--- Task requirements ---
Using the data beneath this instruction, retype only the lines from the one that contains "Nivea Dezodorant SILVER" down to the one that contains "rayon tailored jacket", both included, exactly as they appear.

Stored data:
*-*-*

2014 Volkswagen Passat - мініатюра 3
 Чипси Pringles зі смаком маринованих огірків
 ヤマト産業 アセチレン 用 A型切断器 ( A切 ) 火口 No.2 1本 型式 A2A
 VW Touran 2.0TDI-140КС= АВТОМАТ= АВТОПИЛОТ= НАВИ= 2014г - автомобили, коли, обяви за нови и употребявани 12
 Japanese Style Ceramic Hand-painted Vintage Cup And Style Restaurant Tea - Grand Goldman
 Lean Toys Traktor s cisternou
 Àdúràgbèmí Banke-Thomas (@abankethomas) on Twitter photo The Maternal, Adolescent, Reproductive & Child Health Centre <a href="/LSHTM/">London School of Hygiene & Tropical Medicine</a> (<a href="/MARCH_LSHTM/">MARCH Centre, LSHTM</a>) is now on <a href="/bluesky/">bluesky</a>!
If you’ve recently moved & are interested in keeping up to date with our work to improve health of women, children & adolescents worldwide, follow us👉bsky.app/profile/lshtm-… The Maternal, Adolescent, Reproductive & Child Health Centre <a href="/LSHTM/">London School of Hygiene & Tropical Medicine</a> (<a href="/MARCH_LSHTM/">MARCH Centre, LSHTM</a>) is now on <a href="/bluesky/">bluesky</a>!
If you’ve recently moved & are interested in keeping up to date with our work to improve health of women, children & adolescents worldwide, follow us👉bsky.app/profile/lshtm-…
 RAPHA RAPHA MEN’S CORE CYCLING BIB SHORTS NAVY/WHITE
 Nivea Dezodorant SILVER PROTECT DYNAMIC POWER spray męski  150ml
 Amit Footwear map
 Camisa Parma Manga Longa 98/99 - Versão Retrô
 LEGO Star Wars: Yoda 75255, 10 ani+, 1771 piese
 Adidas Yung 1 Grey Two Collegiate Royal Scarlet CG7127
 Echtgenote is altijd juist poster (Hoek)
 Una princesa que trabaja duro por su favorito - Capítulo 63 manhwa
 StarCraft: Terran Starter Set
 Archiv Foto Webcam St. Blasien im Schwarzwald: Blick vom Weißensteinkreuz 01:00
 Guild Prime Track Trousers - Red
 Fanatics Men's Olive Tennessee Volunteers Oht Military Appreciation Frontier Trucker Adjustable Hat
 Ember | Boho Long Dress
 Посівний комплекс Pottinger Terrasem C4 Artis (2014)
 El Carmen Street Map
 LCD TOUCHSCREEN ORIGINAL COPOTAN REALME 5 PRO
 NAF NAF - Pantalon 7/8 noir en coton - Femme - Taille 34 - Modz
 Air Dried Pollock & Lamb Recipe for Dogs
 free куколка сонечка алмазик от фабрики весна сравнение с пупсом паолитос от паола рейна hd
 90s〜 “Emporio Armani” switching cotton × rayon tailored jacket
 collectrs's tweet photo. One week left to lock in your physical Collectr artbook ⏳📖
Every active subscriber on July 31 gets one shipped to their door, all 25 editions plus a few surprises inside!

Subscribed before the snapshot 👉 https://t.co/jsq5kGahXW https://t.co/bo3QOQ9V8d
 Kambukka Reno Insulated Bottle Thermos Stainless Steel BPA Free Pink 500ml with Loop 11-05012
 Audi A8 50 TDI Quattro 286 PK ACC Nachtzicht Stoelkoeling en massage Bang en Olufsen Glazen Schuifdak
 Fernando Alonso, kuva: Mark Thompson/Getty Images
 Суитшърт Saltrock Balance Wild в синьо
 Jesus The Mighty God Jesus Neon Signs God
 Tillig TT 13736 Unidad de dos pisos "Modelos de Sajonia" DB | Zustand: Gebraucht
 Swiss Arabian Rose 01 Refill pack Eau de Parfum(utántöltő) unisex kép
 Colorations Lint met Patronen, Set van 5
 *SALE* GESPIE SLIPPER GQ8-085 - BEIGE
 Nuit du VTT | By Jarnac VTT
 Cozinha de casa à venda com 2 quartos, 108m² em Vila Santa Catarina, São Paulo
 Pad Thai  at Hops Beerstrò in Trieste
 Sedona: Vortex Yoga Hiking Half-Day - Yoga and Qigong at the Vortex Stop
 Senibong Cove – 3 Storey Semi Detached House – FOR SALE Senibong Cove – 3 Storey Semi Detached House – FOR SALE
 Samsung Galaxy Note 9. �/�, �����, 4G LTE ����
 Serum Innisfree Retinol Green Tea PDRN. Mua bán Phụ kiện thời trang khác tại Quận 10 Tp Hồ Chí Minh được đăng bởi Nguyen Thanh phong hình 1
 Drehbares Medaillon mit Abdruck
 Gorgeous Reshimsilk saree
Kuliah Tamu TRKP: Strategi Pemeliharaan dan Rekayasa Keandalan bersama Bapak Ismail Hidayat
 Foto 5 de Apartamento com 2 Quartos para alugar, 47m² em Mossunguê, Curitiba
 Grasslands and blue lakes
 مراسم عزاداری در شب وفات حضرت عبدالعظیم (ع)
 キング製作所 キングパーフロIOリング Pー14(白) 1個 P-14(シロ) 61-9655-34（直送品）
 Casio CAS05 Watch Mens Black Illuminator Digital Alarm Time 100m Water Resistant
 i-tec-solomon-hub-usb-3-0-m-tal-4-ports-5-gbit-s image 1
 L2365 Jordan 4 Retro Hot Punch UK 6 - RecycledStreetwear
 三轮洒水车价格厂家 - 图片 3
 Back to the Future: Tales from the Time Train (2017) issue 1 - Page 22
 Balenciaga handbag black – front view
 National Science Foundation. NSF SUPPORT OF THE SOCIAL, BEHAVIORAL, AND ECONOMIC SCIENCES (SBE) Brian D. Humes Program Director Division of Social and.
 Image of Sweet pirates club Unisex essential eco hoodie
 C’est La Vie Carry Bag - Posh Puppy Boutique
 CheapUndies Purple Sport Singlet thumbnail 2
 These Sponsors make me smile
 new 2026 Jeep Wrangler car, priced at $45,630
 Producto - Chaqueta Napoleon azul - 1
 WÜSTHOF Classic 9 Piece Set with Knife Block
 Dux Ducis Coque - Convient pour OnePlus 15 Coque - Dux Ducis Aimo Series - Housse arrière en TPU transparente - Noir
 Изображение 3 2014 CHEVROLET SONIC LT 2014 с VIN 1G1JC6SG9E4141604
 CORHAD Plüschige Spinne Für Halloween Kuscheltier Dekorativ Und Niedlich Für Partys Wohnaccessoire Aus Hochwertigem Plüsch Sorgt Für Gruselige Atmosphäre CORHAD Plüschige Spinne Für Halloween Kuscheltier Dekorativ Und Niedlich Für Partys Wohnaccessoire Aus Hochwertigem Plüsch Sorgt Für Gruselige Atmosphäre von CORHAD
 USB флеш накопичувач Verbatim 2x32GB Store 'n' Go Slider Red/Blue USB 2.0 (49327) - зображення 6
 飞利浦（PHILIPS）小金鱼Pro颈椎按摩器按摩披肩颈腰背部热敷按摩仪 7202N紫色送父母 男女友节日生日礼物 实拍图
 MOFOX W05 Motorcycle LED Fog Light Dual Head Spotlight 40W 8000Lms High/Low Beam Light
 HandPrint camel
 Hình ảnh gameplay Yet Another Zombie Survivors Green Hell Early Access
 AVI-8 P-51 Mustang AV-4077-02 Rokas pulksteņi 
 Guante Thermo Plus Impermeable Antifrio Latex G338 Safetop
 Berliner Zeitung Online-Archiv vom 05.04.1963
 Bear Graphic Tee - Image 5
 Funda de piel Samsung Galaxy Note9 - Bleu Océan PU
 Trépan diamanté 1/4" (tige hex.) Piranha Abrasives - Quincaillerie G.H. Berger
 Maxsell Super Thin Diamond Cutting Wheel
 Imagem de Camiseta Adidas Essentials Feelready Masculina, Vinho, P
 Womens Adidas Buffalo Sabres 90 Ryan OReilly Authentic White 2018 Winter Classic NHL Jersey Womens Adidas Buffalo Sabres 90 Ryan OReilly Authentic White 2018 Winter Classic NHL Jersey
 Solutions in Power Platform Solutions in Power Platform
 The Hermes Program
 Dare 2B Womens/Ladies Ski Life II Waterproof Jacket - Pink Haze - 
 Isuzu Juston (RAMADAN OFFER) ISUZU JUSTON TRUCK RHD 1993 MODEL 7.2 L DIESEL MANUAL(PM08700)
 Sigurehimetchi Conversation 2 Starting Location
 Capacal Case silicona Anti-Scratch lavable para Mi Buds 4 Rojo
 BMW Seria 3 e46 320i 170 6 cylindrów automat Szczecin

*-*-*

--- Task solution ---
 Nivea Dezodorant SILVER PROTECT DYNAMIC POWER spray męski  150ml
 Amit Footwear map
 Camisa Parma Manga Longa 98/99 - Versão Retrô
 LEGO Star Wars: Yoda 75255, 10 ani+, 1771 piese
 Adidas Yung 1 Grey Two Collegiate Royal Scarlet CG7127
 Echtgenote is altijd juist poster (Hoek)
 Una princesa que trabaja duro por su favorito - Capítulo 63 manhwa
 StarCraft: Terran Starter Set
 Archiv Foto Webcam St. Blasien im Schwarzwald: Blick vom Weißensteinkreuz 01:00
 Guild Prime Track Trousers - Red
 Fanatics Men's Olive Tennessee Volunteers Oht Military Appreciation Frontier Trucker Adjustable Hat
 Ember | Boho Long Dress
 Посівний комплекс Pottinger Terrasem C4 Artis (2014)
 El Carmen Street Map
 LCD TOUCHSCREEN ORIGINAL COPOTAN REALME 5 PRO
 NAF NAF - Pantalon 7/8 noir en coton - Femme - Taille 34 - Modz
 Air Dried Pollock & Lamb Recipe for Dogs
 free куколка сонечка алмазик от фабрики весна сравнение с пупсом паолитос от паола рейна hd
 90s〜 “Emporio Armani” switching cotton × rayon tailored jacket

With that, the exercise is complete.